— What this task involves —
Your answer should be only the lines below from the one with "Women Autumn Winter" to the one with "H&M Little Black", repeated exactly, ends included.

─── Exercise data ───

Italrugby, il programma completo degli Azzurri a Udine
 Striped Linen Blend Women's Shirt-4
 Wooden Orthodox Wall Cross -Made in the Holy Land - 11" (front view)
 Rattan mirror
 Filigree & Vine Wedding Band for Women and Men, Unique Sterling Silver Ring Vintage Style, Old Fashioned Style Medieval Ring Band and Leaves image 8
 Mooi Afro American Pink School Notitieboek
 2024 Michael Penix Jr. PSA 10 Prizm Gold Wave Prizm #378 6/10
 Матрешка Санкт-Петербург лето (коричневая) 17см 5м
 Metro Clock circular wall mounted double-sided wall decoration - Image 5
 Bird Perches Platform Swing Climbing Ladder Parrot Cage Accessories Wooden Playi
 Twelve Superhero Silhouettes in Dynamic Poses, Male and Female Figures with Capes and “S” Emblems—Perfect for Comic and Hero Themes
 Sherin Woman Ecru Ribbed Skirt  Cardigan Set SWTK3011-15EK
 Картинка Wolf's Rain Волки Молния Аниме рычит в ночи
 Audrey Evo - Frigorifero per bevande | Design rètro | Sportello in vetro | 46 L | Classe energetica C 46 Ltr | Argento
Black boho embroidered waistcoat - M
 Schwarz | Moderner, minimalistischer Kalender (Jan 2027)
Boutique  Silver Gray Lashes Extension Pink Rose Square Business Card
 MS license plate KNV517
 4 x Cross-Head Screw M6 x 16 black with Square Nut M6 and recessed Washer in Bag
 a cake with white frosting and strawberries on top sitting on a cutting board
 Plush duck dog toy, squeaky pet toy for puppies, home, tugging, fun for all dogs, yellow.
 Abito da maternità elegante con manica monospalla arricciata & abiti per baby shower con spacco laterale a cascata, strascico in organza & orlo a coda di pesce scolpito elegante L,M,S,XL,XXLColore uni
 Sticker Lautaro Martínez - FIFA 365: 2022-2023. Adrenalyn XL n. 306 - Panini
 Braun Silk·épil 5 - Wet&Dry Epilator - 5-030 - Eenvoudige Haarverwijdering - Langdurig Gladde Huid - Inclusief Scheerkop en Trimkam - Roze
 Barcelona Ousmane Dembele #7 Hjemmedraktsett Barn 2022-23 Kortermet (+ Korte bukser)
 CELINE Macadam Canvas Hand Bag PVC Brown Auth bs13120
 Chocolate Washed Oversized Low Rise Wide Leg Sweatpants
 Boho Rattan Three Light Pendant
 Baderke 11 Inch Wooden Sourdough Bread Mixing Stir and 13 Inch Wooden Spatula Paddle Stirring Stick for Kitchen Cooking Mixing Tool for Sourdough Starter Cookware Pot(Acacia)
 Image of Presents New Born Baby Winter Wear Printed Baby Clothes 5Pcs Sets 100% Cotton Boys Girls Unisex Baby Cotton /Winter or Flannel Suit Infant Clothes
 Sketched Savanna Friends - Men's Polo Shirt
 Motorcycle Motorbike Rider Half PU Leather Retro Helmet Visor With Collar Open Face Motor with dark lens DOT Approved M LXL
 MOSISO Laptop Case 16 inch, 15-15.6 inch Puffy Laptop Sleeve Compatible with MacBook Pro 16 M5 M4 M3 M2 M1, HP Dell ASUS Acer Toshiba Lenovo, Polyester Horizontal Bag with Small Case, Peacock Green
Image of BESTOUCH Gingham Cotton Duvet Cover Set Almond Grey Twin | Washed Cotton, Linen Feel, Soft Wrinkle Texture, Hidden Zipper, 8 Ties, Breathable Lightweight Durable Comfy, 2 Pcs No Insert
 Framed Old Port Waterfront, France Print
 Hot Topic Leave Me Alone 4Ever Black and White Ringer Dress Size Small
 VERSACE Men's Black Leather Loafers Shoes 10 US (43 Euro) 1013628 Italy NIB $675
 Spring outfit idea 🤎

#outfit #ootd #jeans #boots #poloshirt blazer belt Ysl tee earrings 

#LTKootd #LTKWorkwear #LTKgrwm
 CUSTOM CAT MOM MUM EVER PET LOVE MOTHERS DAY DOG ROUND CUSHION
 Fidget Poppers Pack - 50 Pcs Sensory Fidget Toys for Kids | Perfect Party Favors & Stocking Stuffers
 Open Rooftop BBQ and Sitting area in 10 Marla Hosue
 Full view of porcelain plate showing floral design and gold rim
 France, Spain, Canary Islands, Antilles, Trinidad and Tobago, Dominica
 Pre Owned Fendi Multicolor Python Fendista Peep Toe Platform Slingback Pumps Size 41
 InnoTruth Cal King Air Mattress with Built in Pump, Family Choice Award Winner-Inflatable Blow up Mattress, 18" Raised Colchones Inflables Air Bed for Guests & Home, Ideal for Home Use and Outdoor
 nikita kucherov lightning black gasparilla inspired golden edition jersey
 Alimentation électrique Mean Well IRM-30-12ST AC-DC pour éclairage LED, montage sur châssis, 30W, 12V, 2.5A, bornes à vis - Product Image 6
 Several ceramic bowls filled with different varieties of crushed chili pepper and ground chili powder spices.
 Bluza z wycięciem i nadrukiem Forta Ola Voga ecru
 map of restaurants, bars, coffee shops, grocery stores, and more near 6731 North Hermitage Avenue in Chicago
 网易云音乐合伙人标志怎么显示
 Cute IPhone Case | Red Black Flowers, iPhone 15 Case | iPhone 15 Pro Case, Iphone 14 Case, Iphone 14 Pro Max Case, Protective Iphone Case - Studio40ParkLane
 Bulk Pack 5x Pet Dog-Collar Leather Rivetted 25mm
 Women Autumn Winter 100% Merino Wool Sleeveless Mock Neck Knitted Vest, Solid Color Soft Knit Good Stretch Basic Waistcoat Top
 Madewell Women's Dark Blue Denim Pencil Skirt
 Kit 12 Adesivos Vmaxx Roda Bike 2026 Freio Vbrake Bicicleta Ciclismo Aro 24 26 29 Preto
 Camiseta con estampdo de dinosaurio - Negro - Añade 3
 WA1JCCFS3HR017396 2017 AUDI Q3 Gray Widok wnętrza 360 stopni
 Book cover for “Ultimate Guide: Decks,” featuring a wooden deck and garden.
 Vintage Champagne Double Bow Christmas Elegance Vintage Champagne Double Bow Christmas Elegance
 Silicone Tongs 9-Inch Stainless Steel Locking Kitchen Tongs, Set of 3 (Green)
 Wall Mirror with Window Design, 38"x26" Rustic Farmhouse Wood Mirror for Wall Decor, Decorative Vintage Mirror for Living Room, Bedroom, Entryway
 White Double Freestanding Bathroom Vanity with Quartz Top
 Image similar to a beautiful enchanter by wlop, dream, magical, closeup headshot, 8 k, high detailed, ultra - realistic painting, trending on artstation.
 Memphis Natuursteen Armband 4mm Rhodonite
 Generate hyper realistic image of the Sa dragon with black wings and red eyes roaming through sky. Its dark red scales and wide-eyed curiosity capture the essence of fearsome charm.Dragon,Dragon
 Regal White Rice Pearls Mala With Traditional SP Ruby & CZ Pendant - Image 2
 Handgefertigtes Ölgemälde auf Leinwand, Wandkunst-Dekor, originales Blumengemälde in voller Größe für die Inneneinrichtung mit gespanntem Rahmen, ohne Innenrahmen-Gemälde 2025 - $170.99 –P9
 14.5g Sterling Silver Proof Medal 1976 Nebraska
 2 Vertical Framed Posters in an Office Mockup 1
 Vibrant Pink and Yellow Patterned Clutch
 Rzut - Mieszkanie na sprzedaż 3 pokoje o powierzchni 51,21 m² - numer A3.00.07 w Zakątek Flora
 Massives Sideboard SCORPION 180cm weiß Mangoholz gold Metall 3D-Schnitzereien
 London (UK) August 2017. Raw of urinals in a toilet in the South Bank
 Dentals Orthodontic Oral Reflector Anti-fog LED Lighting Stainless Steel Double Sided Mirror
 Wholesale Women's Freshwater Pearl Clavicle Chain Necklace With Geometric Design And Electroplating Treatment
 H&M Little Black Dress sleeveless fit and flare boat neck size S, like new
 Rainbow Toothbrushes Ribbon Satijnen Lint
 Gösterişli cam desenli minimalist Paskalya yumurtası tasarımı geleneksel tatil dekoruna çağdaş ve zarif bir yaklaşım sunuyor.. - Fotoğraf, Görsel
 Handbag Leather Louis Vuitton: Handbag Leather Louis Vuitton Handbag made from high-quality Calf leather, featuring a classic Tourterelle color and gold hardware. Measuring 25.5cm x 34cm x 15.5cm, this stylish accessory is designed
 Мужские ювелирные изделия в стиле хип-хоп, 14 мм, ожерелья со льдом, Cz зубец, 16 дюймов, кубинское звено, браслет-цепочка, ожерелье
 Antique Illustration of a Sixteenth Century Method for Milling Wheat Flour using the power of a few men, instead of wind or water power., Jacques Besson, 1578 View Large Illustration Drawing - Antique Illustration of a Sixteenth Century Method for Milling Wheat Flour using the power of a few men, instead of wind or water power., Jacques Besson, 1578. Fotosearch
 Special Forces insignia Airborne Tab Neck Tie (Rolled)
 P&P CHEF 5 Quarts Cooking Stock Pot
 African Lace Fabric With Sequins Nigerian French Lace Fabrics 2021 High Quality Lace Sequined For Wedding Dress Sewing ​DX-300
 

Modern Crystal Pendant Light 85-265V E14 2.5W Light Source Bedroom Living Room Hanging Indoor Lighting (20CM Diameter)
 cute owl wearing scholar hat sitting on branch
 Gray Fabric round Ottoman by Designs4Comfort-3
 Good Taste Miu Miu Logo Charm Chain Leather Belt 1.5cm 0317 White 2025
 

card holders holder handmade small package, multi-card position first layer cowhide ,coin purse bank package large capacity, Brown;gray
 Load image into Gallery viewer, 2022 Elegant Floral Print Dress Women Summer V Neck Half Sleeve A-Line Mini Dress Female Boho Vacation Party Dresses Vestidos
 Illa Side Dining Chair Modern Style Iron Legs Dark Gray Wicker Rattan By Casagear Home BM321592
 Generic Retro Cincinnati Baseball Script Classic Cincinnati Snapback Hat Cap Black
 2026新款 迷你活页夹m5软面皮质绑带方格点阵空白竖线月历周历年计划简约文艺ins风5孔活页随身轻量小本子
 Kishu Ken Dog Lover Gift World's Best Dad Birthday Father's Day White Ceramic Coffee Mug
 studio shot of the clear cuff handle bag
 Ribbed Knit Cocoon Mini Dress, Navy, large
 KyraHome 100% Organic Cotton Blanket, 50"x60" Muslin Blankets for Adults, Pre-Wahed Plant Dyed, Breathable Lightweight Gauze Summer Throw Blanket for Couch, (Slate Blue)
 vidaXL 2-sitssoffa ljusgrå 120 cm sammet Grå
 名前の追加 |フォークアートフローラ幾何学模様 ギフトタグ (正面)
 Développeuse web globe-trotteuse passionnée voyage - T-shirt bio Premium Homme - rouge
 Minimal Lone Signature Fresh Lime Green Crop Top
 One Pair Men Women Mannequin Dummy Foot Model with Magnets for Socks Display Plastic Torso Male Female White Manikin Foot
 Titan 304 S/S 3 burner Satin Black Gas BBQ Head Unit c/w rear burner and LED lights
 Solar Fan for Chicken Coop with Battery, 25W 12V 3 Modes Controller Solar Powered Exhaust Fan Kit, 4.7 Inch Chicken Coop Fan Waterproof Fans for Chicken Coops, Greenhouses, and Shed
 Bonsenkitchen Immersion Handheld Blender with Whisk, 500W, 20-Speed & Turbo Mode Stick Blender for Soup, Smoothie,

───

— Exercise answer —
 Women Autumn Winter 100% Merino Wool Sleeveless Mock Neck Knitted Vest, Solid Color Soft Knit Good Stretch Basic Waistcoat Top
 Madewell Women's Dark Blue Denim Pencil Skirt
 Kit 12 Adesivos Vmaxx Roda Bike 2026 Freio Vbrake Bicicleta Ciclismo Aro 24 26 29 Preto
 Camiseta con estampdo de dinosaurio - Negro - Añade 3
 WA1JCCFS3HR017396 2017 AUDI Q3 Gray Widok wnętrza 360 stopni
 Book cover for “Ultimate Guide: Decks,” featuring a wooden deck and garden.
 Vintage Champagne Double Bow Christmas Elegance Vintage Champagne Double Bow Christmas Elegance
 Silicone Tongs 9-Inch Stainless Steel Locking Kitchen Tongs, Set of 3 (Green)
 Wall Mirror with Window Design, 38"x26" Rustic Farmhouse Wood Mirror for Wall Decor, Decorative Vintage Mirror for Living Room, Bedroom, Entryway
 White Double Freestanding Bathroom Vanity with Quartz Top
 Image similar to a beautiful enchanter by wlop, dream, magical, closeup headshot, 8 k, high detailed, ultra - realistic painting, trending on artstation.
 Memphis Natuursteen Armband 4mm Rhodonite
 Generate hyper realistic image of the Sa dragon with black wings and red eyes roaming through sky. Its dark red scales and wide-eyed curiosity capture the essence of fearsome charm.Dragon,Dragon
 Regal White Rice Pearls Mala With Traditional SP Ruby & CZ Pendant - Image 2
 Handgefertigtes Ölgemälde auf Leinwand, Wandkunst-Dekor, originales Blumengemälde in voller Größe für die Inneneinrichtung mit gespanntem Rahmen, ohne Innenrahmen-Gemälde 2025 - $170.99 –P9
 14.5g Sterling Silver Proof Medal 1976 Nebraska
 2 Vertical Framed Posters in an Office Mockup 1
 Vibrant Pink and Yellow Patterned Clutch
 Rzut - Mieszkanie na sprzedaż 3 pokoje o powierzchni 51,21 m² - numer A3.00.07 w Zakątek Flora
 Massives Sideboard SCORPION 180cm weiß Mangoholz gold Metall 3D-Schnitzereien
 London (UK) August 2017. Raw of urinals in a toilet in the South Bank
 Dentals Orthodontic Oral Reflector Anti-fog LED Lighting Stainless Steel Double Sided Mirror
 Wholesale Women's Freshwater Pearl Clavicle Chain Necklace With Geometric Design And Electroplating Treatment
 H&M Little Black Dress sleeveless fit and flare boat neck size S, like new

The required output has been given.